The task: Exact copy, no pictures: every line from the one that contains "ABMO المشاعر الجيدة" through the end of the data below, and nothing else.

Supplied information:

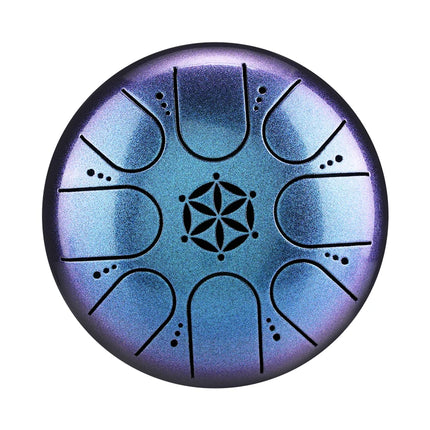 Tambour à langue bleu irisé Sonora-Mundi, motif géométrique central, vue de dessus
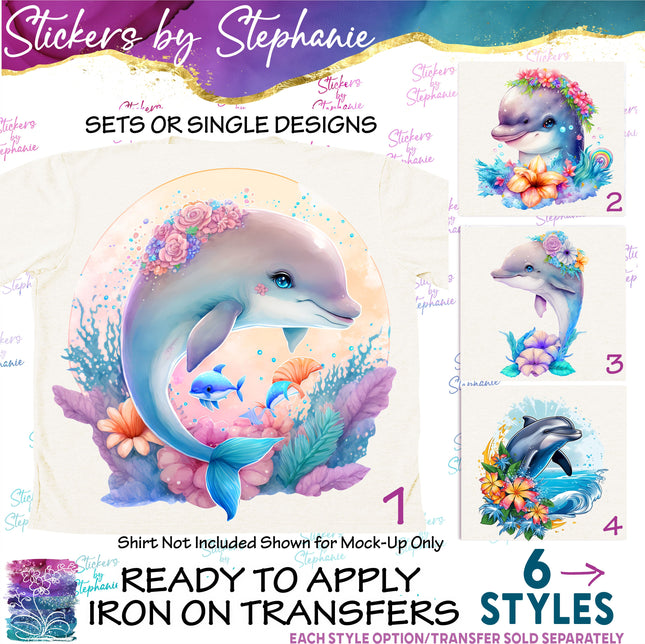 (s02A-199) Watercolor Dolphin Flowers Iron-On Transfer or Sticker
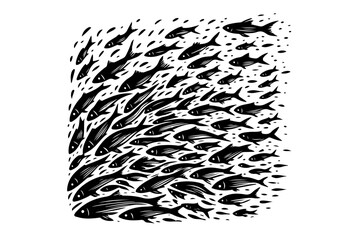 Minnow Fish Simple Hand Drawn Natural Illustration Stylized as Linocut Vector Isolated by AZ for Books, Arts, Design and Decoration Graphic Asset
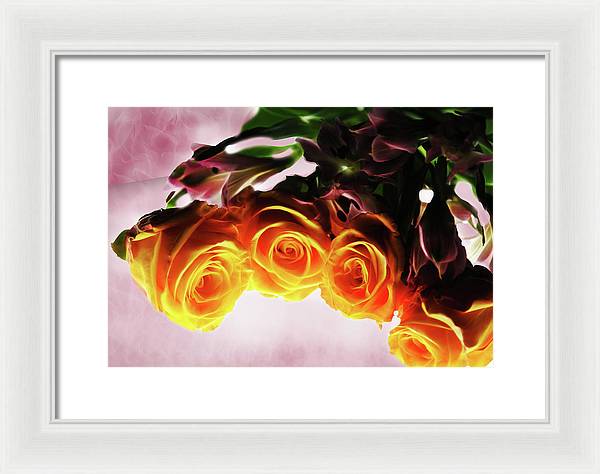 Mini Orange Roses on Pink - Framed Print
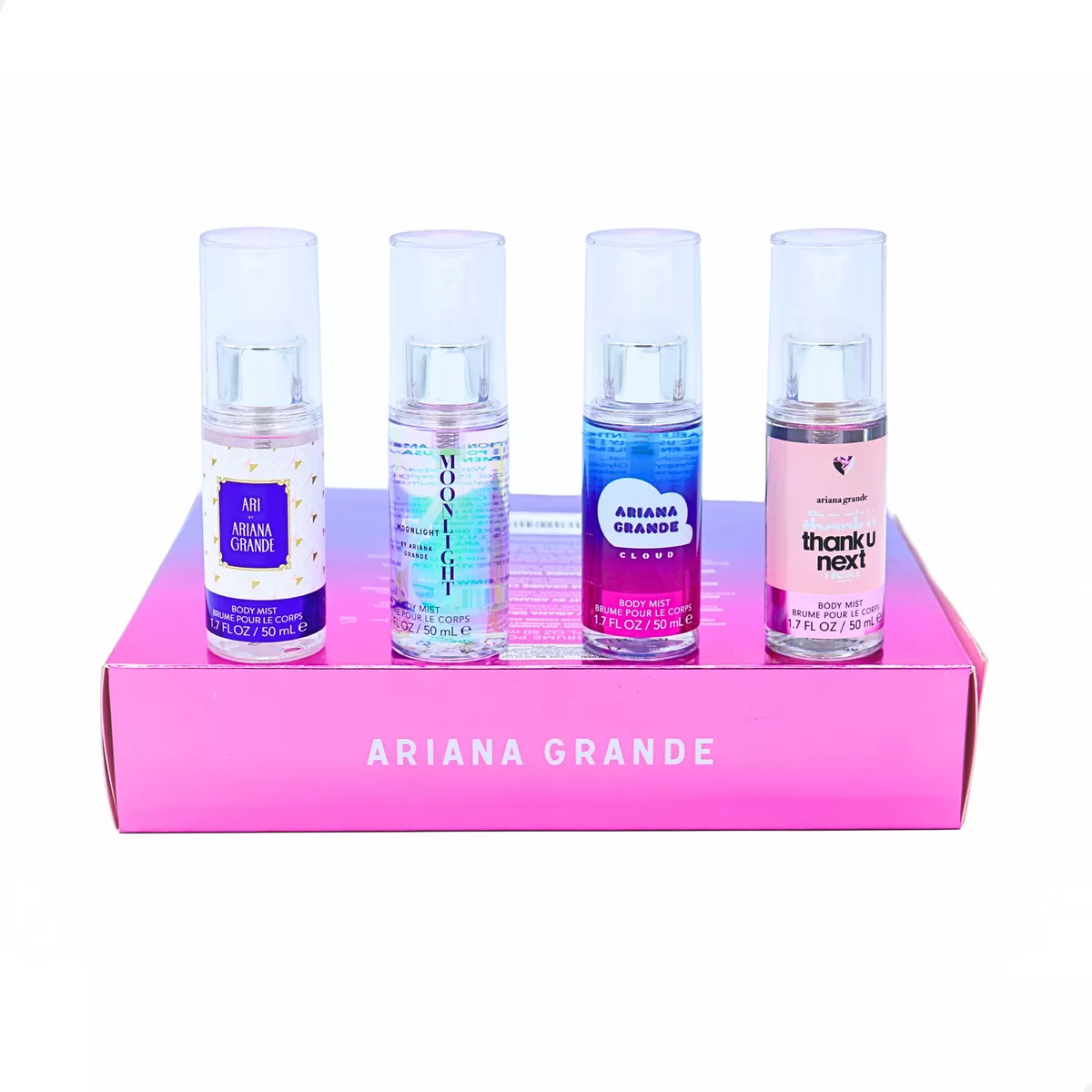 Set Ariana Grande Body Mist Spray 4 Fragancias Bruma Corporal Pocket Gift 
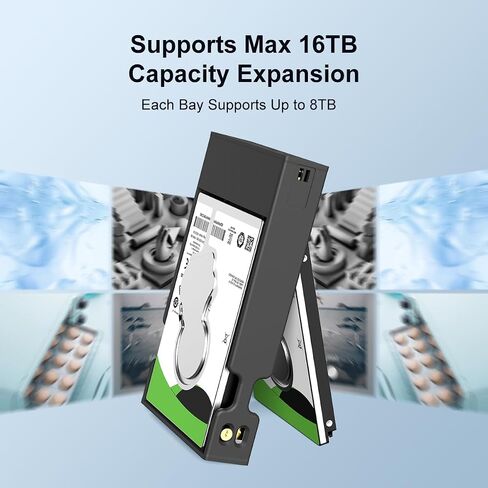 حاوية محرك الأقراص الصلبة MAIWO Dual Bay RAID لمحرك الأقراص الصلبة SATA SSD مقاس 2.5 بوصة، RAID 0/RAID 1/JBOD/PM، USB 3.1 GEN 2 10 جيجابت في الثانية مع UASP، سعة 16 تيرابايت، محرك أقراص HDD خارجي من الألومنيوم in Kuwait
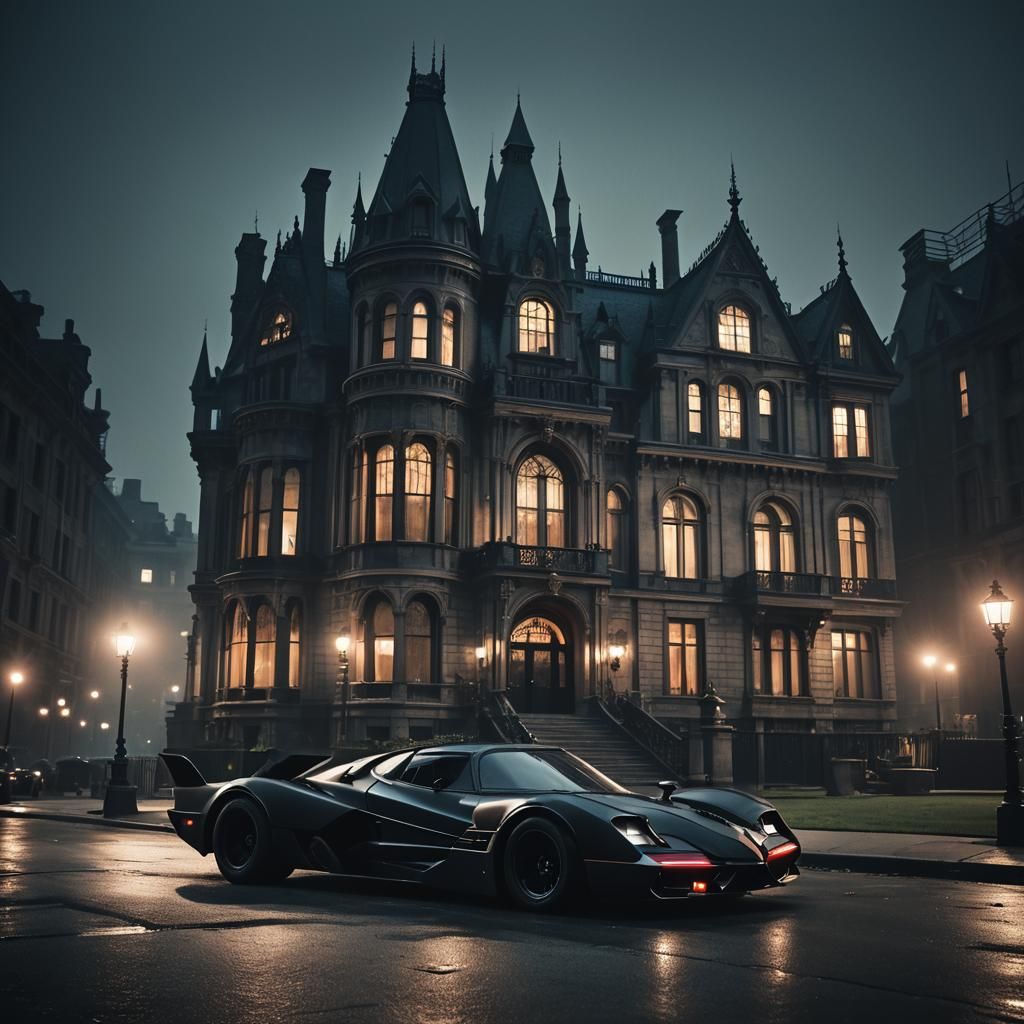 Batmobile Parked in Gotham City Mansion at Dusk
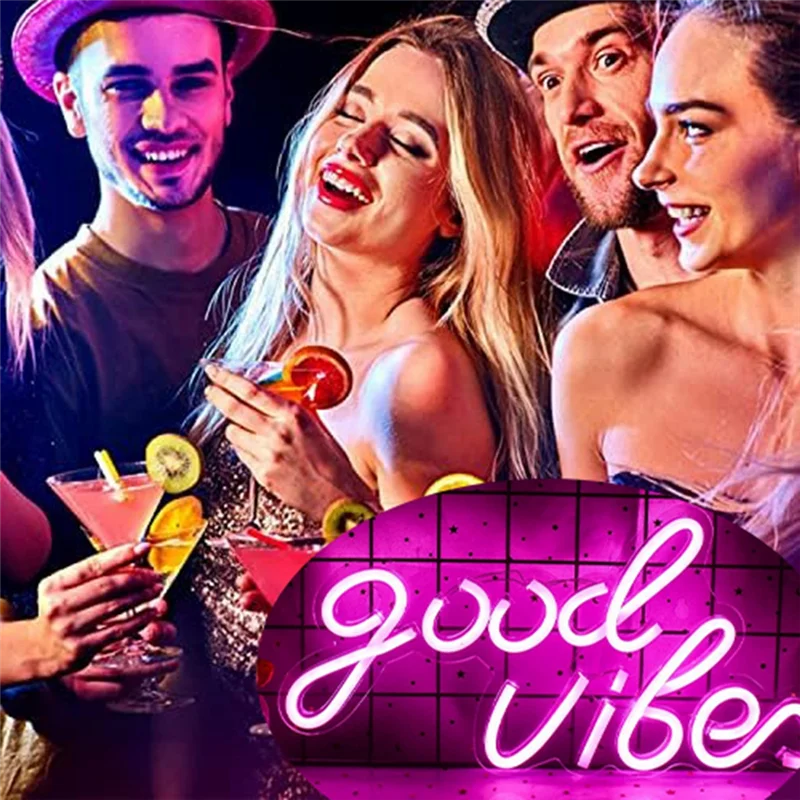 ABMO المشاعر الجيدة النيون الزفاف الجدار الشنق USB LED ضوء النيون علامات LED أضواء ليلية لغرفة النوم الديكور غرف ديكور #3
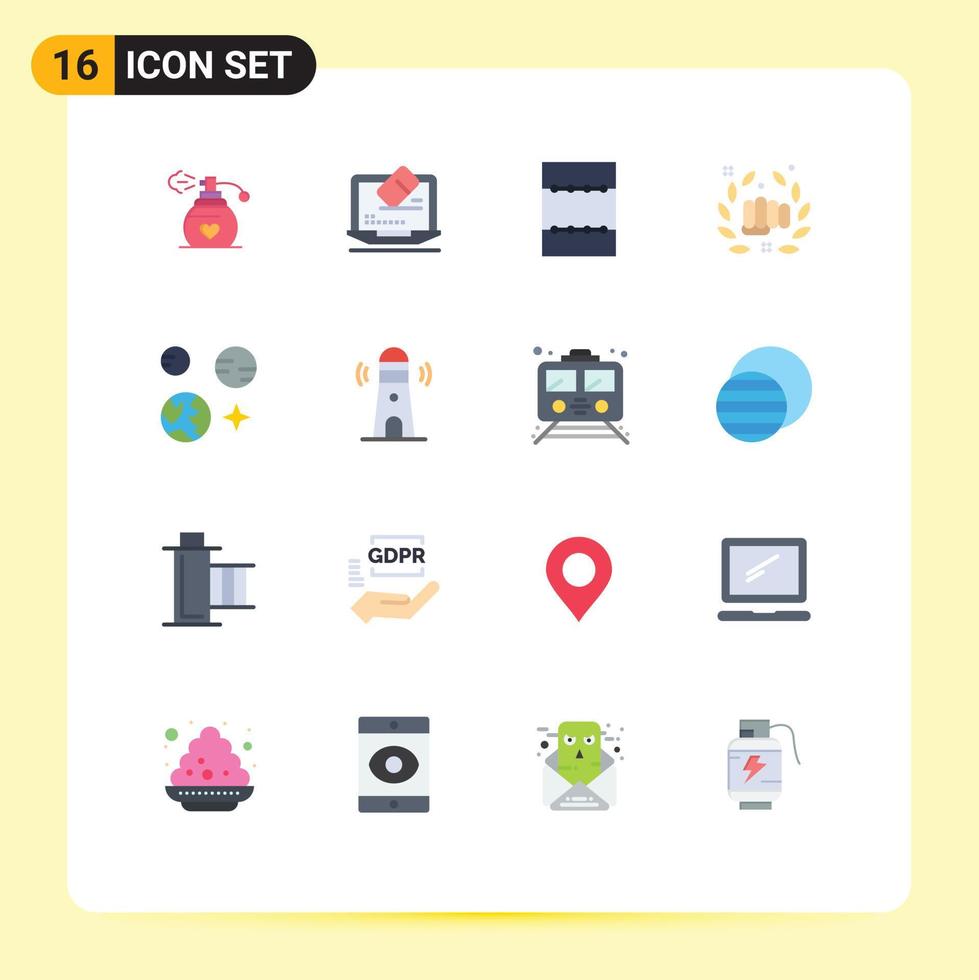 conjunto moderno de pictograma de 16 cores planas do espaço terra minimiza pacote editável de mão do planeta de elementos de design de vetores criativos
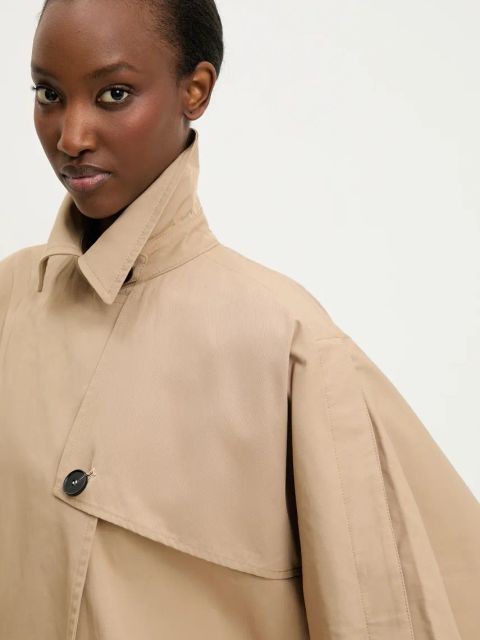 Answear.LAB kurtka kolor beżowy przejściowa oversize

Answer to this exercise:
 ABMO المشاعر الجيدة النيون الزفاف الجدار الشنق USB LED ضوء النيون علامات LED أضواء ليلية لغرفة النوم الديكور غرف ديكور #3
 conjunto moderno de pictograma de 16 cores planas do espaço terra minimiza pacote editável de mão do planeta de elementos de design de vetores criativos
 Answear.LAB kurtka kolor beżowy przejściowa oversize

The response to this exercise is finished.